View the Project on GitHub oudalab/cs3113fa22

CS 3113 Fall 2022 – Introduction To Operating Systems

Assignment 6



The goal of this project is to observe and understand the performance of Semaphores across kernel execution elements. You will also get a better understanding of the pthread libraries and build for intuition of the performance of threads. Take code and modify it to take N threads in addition modifying the num-loops parameter. Start early this code takes a long time to run!!

Getting started

This code is located here for downloading and in the Linux Programming Interface Textbook code as tlpi-dist/psem/. You may also located it with the find command. By default, the code only executes two threads. Change the code to make this program use an arbitrary amount of threads to perform the counts. You should be able to run it with the following usage: ./thread_incr_psem 1000 4. In that example the code will run 1000 loops over 4 threads. The starter code is available here here for downloading.

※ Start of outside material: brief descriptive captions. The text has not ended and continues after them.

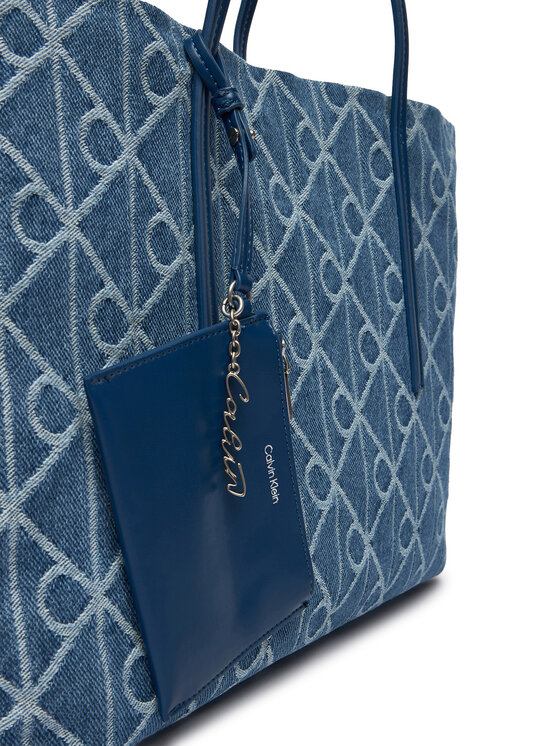 Calvin Klein Ročna torba Calvin Klein Emblem Aop Denim Tote W/ Pouch LV04F3428G Modra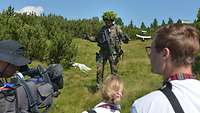 Ein Soldat spricht zu Reportern, die mit Kameras vor ihm stehen.
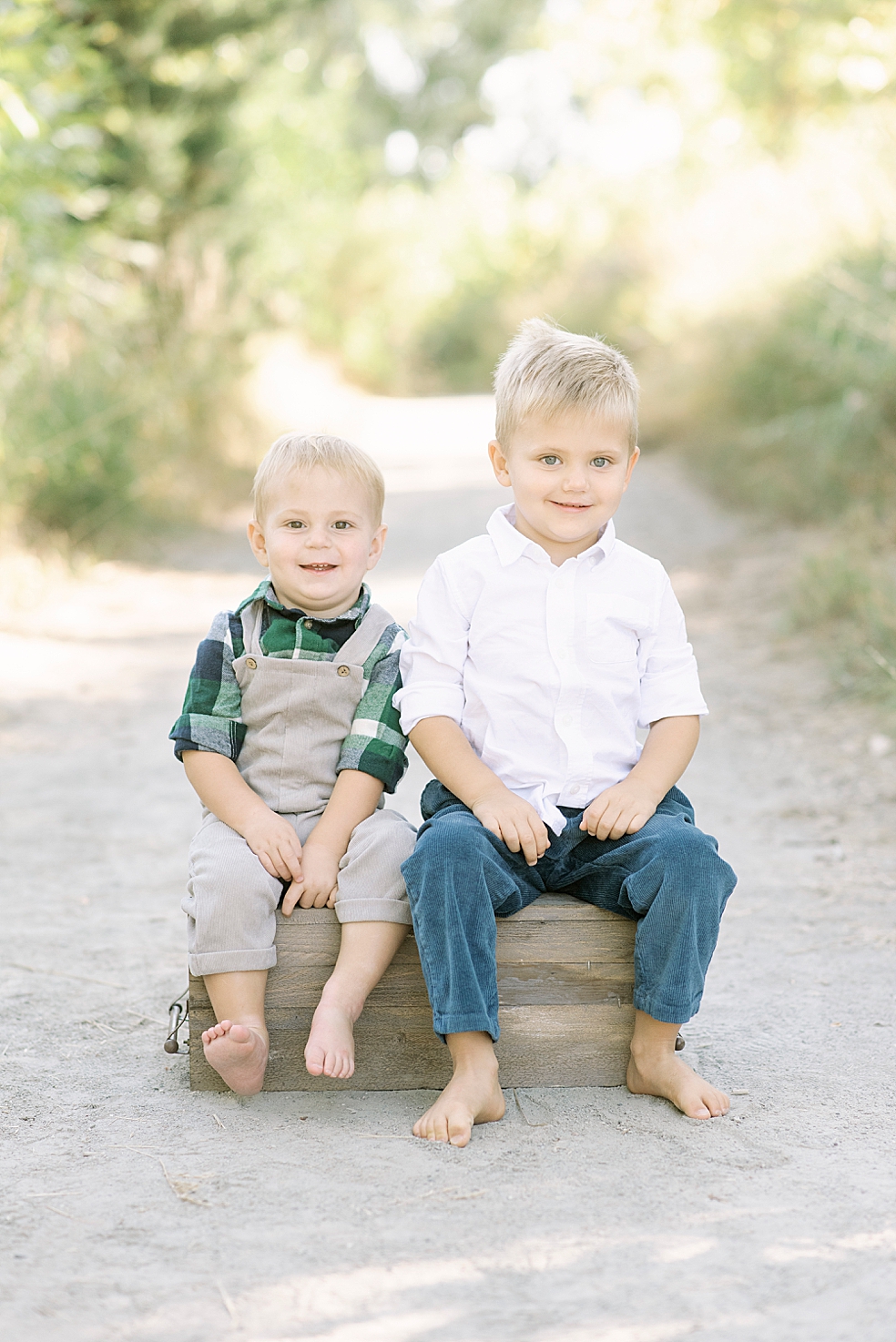Blonde brothers sitting on a box together smiling | Photo by Jessica Lee Photography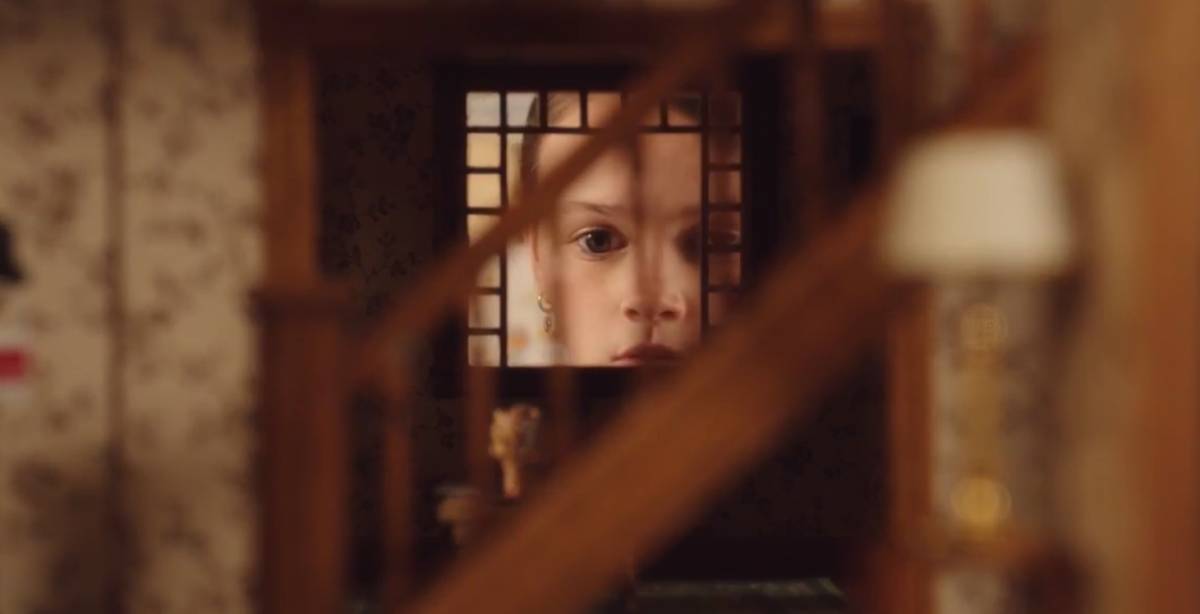 Evie looks into the window of her dollhouse as the severed doll head sits on a table in the foreground.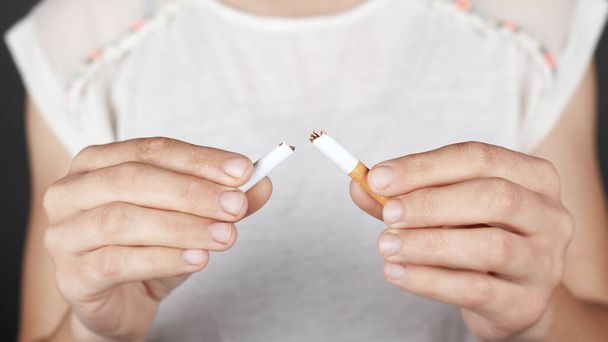 saúde conceito, não fumar, mau hábito. menina segura um cigarro quebrado em suas mãos close-up
 - Foto, Imagem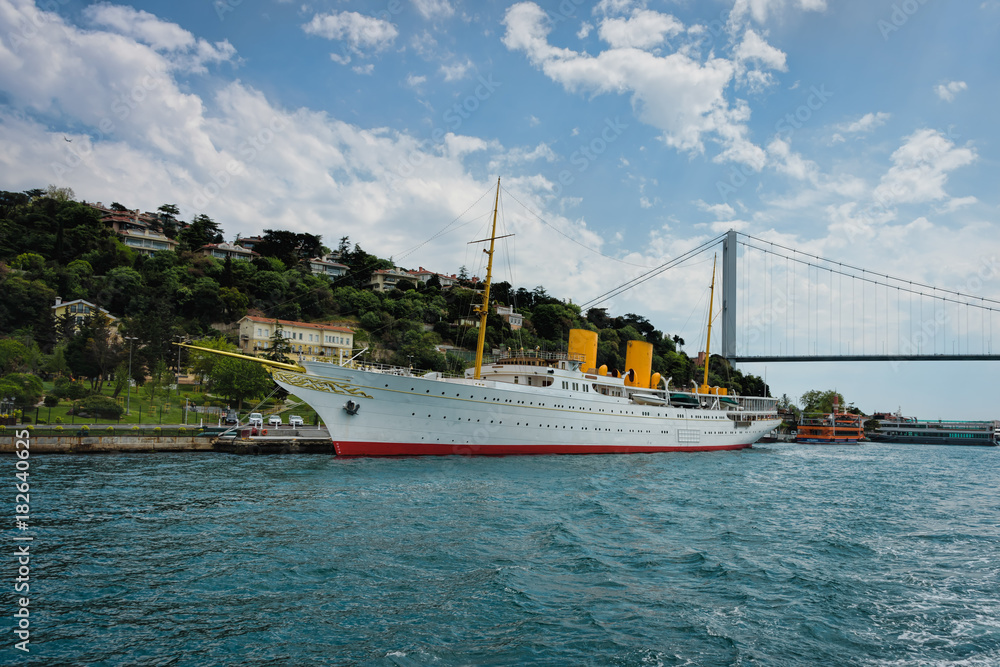 Antique boat anchored to a city's coastline with a bridge in the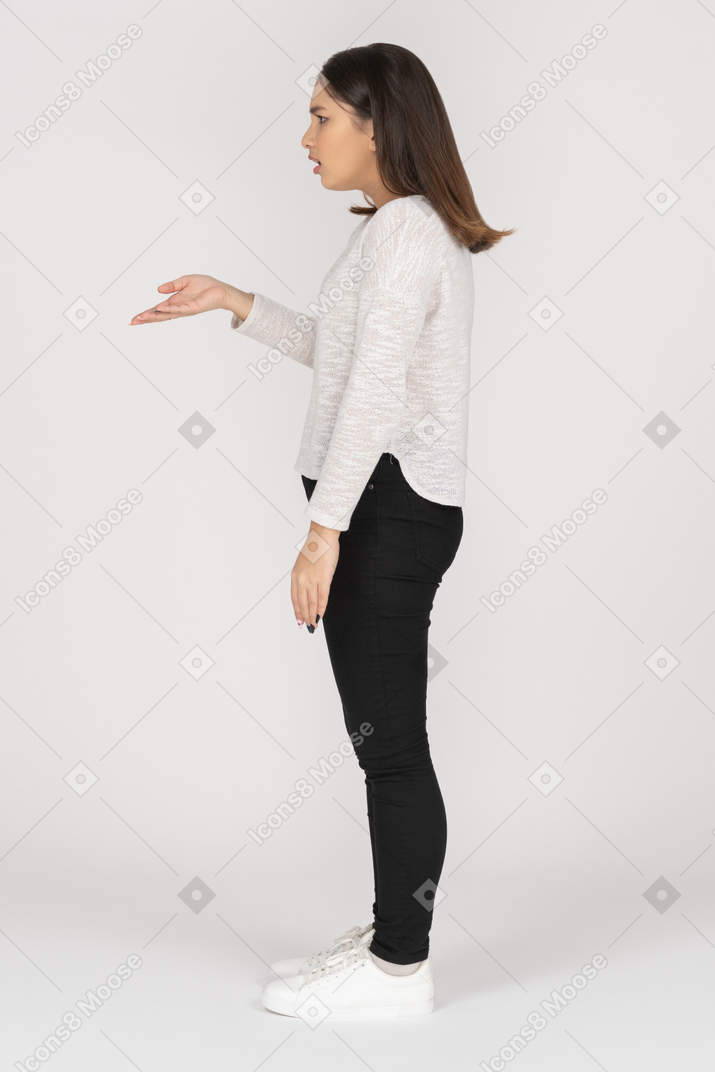 Vue latérale d'une jeune femme indienne en question dans des vêtements décontractés levant la main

We will use the time to capture the performance times for several arrangements of threads and loops. Install the updated version with sudo apt install time. For more information about the time command, see this website: https://www.lifewire.com/command-return-time-command-4054237. You also need to install the following programs on your instance:

sudo apt-get install -y time tmux sqlite3 libsqlite3-dev 
sudo apt-get install -y libsqlite3-0 libsqlite3-0-dbg
sudo apt-get install -y python3 ipython3 python3-pip
sudo apt-get install -y python3-tk ssh
pip3 install --upgrade pip
pip3 install pip pandas numpy matplotlib

Installing the packages above will allow you to execute this assignment requirements. In this assignment you will use python scripting, database scripts, and command-line. Examining the code may be helpful for you.

Running the Program: runtest.bash

Use the runtest.bash script to gather the data for your experiment. The script (located below) or at this link will run your code with the following combinations of threads and loops.

The runtest.bash script takes the executable name and the name of a csv file for output. For example, you can run this code using the command: bash runtest.bash ./a.out experiment`date +%Y%m%d%M`.csv. In this case, a.out is the name of the compiled thread_incr_psem.c code. The ./ is nessary to let the script know that a.out is an executable. Be sure that your runtest.bash file is executable (chmod u+x runtest.bash). You could download the runtest.bash file, of you could include the commands below in a script file with the name runtest.bash.

#!/bin/bash
## Usage: bash runtest.bash ./code experiment`date +%Y%m%d%M`.csv

EXE=$1
CSVFILE=$2
CORES=$(grep -c '^processor' /proc/cpuinfo)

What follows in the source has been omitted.